● **Supplied data**:

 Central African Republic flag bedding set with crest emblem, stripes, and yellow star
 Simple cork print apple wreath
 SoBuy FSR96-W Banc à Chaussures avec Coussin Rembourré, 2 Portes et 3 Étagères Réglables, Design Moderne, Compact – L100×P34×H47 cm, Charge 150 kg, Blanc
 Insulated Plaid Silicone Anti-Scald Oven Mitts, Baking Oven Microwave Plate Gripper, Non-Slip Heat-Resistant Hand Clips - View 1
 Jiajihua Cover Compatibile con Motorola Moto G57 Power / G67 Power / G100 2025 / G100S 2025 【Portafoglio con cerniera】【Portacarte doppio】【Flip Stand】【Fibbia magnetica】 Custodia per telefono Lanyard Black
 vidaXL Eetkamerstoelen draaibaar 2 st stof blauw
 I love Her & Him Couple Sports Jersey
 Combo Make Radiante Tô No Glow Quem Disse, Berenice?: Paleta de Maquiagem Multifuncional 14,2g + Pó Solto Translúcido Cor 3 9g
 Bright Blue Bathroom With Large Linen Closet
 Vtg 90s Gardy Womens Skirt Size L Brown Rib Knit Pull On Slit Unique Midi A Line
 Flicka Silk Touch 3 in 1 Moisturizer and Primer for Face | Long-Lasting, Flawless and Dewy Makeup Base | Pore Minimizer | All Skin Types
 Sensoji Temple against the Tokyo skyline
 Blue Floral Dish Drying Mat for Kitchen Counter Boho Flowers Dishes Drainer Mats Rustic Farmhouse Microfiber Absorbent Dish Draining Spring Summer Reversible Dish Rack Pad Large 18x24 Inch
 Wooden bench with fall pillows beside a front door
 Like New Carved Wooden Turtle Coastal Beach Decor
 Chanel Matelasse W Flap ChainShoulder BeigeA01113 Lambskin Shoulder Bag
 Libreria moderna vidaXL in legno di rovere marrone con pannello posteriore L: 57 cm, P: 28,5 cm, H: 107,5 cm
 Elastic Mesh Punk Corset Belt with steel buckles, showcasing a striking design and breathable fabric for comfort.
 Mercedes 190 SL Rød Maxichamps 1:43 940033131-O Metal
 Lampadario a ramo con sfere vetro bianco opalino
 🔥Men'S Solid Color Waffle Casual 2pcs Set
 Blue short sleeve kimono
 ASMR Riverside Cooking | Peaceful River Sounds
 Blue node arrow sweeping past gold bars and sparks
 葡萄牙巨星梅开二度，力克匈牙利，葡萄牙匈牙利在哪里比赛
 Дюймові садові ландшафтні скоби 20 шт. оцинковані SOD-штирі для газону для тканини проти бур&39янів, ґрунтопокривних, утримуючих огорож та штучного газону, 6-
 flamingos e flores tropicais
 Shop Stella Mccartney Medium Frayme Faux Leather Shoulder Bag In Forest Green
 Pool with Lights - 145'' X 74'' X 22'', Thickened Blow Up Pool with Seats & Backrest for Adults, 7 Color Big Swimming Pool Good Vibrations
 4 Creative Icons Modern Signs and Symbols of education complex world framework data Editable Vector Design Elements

● **Requirement**:
What is needed is every line from the data above that includes the string "Blue", copied out.

● **Exercise result**:
 Bright Blue Bathroom With Large Linen Closet
 Blue Floral Dish Drying Mat for Kitchen Counter Boho Flowers Dishes Drainer Mats Rustic Farmhouse Microfiber Absorbent Dish Draining Spring Summer Reversible Dish Rack Pad Large 18x24 Inch
 Blue short sleeve kimono
 Blue node arrow sweeping past gold bars and sparks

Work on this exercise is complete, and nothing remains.